Poorer result in streaming vs STT on complete audio file

Dear @lissyx @reuben team and the community,

I’m working on production of the Deepspecch. I’ve been using the following strategy till now:

Record user voice using javascript in front end and send the wav file to server to wrok on.

Now, to improve the latency, I’m currently working on streaming the audio. However, there seems to be a problem. It seems the accuracy on streaming is comparatively lower than that of STT on complete file.

It is possibly because of the language model. By this I mean, if the full file is being transcribed, the language model probability works on the complete file and the result is thereafter provided. However, if I’m using streaming, the VAD breaks the sequence in the middle, hence the language model doesn’t get the previous context and that adds minor errors to the output.

Is this normal? How can I overcome them? Should I add single word sentences in the language model as well?
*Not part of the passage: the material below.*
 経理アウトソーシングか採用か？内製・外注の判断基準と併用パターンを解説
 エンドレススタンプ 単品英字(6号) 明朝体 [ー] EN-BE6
If you think it’s VAD, just don’t use VAD so that streaming mode should be as accurate as “wav file” mode, but much faster.

If I dont use VAD and still do streaming, wont it be a big issue if the streaming audio is large? And is adding single words in the LM for inference a good option?

Eg: If the sentence is, “Note in history transformer has a problem of …”

The first part: “Note in history” is ok. In the second part “transformer has” is not geting recognised, if I’m streaming. However, the complete sentence is getting recognised if I’m doing a complete WAV file’s STT.

What is the best way to solve it? (And what could be the reason, is it because such sentences are not there in the LM?)

1 Like

HI @sayantangangs.91

I have a similar observation. I used to test my fully customized model using batch processing and the model was predicting very well.
Now I apply streaming and I am getting weird transcript. Very often same parts of my speech are cutted, usually the start or the end of the spoken sequence.
Does anyone can help with that?

I understand that we are chunking the audio file and transcribing these chunks separately, while streaming. The main problem probably is with the language model, it is not used for the whole sentence but for these single chunks, am I right? That is probably the reason why the transcript seems so weird.
Does anyone overcome it somehow? Maybe applying some post-processing or any other ideas? Thanks in advance!